Sustainability SeriesArticle18 Sep 2019

Energy Darwinism III

The Electrifying Path to Net Zero Carbon
Growing up next to a small lake provided year-round entertainment — swimming and a rope swing in the summer when the sun was out and ice skating and hockey when the lake froze over in the winter. The only time we thought about the weather was when it rained and we couldn’t go to the beach or when it warmed up and we were threatened with falling through the ice. But things are different now. Concerns about the weather aren’t just about our activity schedules; they are now mixed with a growing awareness around climate change and the effects of global warming. While we snuck away from school to get some extra time at the lake, kids are now using their stolen time to demonstrate for climate change awareness in hopes they can stop the planet being damaged by rising temperatures.

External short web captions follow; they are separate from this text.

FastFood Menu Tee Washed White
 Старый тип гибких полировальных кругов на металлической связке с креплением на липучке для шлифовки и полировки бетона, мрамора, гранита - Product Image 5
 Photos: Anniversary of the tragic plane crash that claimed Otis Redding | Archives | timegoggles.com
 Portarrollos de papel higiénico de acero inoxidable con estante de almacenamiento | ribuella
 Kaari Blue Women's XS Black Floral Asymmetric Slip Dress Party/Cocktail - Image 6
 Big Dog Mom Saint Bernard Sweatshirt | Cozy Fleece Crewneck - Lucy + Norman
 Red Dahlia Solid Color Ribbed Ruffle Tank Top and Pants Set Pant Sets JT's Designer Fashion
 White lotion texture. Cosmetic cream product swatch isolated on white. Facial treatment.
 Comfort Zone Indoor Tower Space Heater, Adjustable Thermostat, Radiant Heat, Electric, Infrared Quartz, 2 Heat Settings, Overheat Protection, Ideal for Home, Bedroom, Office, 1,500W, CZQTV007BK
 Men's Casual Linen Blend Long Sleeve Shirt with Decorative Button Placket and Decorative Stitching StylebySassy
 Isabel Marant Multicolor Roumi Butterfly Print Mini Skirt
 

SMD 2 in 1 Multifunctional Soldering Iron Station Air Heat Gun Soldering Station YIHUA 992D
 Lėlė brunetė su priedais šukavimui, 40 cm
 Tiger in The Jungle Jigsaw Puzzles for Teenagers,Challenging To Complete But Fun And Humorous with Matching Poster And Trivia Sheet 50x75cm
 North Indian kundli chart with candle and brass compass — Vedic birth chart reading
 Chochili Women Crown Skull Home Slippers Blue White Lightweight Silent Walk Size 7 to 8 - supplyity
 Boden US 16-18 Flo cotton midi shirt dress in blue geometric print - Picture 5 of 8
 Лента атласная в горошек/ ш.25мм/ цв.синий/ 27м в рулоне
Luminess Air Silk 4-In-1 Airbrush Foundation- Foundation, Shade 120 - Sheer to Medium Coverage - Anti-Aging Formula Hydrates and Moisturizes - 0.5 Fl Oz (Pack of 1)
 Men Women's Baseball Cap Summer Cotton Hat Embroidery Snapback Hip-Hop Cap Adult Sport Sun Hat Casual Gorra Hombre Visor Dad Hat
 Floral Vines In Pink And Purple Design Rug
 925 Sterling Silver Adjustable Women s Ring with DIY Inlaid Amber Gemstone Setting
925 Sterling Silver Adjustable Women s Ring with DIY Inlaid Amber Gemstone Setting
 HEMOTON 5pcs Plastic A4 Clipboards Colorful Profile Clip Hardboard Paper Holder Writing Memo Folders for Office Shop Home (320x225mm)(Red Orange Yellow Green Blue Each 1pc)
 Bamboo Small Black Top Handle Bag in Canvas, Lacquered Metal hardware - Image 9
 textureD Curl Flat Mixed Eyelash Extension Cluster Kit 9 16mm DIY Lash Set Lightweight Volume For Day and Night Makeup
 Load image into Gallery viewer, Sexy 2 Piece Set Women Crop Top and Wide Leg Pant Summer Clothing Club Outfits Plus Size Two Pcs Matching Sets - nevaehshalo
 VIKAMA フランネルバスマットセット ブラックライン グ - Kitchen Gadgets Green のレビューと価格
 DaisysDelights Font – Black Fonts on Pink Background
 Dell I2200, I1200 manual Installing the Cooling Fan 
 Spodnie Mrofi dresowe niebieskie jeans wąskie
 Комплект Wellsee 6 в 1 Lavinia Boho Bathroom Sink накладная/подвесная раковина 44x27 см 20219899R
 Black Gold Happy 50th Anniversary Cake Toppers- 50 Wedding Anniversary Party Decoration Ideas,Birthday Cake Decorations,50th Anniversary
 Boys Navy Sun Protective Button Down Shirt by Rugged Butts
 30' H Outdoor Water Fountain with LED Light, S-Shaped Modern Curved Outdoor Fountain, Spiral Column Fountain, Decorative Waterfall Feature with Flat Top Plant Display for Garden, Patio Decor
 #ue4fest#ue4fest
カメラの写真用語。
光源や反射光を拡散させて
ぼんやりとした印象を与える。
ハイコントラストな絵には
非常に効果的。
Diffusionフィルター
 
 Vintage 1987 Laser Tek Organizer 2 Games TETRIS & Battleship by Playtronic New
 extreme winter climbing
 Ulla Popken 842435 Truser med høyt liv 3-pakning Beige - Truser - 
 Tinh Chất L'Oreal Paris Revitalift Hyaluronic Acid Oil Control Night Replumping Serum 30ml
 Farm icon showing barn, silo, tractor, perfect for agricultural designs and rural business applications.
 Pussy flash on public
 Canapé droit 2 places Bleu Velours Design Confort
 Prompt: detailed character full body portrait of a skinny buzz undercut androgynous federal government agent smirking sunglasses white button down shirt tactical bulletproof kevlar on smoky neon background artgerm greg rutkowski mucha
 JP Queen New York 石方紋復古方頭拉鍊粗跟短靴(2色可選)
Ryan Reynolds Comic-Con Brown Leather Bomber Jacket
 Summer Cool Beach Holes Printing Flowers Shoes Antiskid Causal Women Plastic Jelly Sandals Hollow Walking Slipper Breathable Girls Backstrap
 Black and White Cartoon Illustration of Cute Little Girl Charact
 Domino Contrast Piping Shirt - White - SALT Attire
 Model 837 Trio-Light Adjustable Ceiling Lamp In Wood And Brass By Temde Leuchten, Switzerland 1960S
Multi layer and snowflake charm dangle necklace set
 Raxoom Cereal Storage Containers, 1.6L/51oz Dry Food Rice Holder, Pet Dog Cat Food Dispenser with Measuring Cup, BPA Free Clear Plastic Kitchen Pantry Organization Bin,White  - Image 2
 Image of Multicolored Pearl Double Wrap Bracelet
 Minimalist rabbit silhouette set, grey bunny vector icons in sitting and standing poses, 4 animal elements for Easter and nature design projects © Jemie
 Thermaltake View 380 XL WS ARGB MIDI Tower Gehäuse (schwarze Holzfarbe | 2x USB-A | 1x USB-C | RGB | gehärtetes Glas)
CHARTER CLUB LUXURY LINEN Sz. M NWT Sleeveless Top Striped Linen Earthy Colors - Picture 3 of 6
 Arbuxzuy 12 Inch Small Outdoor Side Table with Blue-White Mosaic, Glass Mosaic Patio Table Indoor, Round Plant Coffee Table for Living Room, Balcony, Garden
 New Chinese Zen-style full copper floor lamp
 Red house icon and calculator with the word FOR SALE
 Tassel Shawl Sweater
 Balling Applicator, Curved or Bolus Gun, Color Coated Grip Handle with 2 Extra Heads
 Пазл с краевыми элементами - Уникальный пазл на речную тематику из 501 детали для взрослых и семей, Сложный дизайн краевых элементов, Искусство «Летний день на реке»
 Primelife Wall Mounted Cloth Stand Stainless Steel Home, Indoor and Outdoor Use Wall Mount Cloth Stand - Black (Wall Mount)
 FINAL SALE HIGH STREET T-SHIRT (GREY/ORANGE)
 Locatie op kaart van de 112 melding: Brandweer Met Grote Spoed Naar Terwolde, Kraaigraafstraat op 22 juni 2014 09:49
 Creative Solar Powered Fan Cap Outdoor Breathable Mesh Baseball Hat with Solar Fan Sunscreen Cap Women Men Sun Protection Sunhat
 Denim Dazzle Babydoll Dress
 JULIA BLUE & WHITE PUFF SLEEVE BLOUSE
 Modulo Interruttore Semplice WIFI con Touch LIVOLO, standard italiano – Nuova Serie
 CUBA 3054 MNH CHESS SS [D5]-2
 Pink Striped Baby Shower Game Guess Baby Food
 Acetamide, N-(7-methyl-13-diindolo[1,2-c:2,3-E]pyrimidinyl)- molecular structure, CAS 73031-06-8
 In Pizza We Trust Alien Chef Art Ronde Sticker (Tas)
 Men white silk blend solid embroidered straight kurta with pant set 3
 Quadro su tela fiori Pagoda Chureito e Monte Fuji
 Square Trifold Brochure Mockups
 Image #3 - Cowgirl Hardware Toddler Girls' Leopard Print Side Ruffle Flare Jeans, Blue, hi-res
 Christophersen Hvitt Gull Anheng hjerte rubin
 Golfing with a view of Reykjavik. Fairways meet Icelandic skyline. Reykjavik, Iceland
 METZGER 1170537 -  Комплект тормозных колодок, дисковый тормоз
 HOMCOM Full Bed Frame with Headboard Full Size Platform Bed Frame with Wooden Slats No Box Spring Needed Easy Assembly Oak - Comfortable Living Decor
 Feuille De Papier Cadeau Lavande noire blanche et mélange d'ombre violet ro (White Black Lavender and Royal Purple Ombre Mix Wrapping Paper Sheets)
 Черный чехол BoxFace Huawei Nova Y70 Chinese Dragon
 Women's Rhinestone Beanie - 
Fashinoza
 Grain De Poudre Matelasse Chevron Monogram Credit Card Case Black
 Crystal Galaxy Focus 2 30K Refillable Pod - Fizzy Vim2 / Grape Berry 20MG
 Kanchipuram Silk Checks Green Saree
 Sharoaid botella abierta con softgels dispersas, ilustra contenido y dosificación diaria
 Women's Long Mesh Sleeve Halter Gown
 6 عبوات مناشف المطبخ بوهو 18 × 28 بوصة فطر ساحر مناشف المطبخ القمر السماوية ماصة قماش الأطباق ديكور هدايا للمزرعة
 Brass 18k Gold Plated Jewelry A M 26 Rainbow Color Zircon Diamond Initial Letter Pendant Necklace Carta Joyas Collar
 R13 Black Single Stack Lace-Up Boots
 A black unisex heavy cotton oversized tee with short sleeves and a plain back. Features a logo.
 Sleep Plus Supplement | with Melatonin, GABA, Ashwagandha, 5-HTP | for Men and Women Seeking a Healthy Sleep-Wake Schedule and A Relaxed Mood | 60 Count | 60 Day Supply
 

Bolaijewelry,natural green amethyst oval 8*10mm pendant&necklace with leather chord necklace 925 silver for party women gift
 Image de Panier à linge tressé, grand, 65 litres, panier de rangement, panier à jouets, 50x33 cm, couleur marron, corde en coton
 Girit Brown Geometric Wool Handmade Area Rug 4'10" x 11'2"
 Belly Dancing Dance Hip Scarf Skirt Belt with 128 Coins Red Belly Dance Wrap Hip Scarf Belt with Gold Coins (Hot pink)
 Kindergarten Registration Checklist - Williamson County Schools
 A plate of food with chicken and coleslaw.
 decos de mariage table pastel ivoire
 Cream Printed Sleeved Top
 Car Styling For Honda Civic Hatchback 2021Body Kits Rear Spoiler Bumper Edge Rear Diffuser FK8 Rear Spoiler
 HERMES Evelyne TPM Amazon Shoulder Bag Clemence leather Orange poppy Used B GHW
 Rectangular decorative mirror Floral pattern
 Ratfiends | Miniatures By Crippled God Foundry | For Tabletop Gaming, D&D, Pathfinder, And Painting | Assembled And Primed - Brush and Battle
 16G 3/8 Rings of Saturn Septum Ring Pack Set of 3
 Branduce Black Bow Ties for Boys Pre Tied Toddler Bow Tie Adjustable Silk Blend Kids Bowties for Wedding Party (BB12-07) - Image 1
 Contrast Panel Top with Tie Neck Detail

If scientists are right, and we’re moving down a path in which rising average temperatures could lead to huge changes in our ecosystem, it would make sense to at least have a plan to mitigate the danger. And unfortunately this isn’t tomorrow’s problem — at current rates of carbon emissions we could hit the ‘carbon budget’ in 10 to 15 years. At that point, we would have to stop producing carbon emissions or risk major issues such as drought and rising sea levels. But where do we start? Well first, let’s look at what we’re doing now and how that’s affecting climate change. Then we should look at what the future would look like if we keep doing the same old same old. Now, let’s see what happens if we tweak a few things. What can we change today that will have a positive effect in the future, i.e. what’s the sensitivity of our actions today on future climate change?

To do this we introduce Citi’s Global Integrated Energy & Emissions Framework, which assesses current energy usage and carbon (CO2) emissions around the world by fuel, by industry, and by country. The framework poses a bunch of ‘what if’ scenarios, such as what happens to CO2 emissions if we increase renewables penetration to 70% in the U.S., or if China switches to all electric vehicles by 2050? The results are sometimes surprising as at times changes we thought would have had the most meaningful effect are more than offset by knock-on effects elsewhere.

A few solid observations emerge across the scenarios: (1) Transportation remains a key challenge and despite aggressive assumptions in some scenarios regarding electric vehicle (EV) penetration, the legacy effect of old vehicle fleets remains high. Solutions include incentivizing EV uptake and speeding the removal of legacy fleets; (2) Freight and aviation emissions grow or remain high long into the future. Here new technologies like hydrogen trucking and new fuel mixes need to emerge; (3) Industry’s use of fossil fuels for both heat and motion remains high. Increasing industrial energy efficiency as well as mass electrification of industry are key to reducing emissions; and (4) Fossil fuel use is significant in buildings for both heat and cooking, and energy-efficient measures need to be introduced.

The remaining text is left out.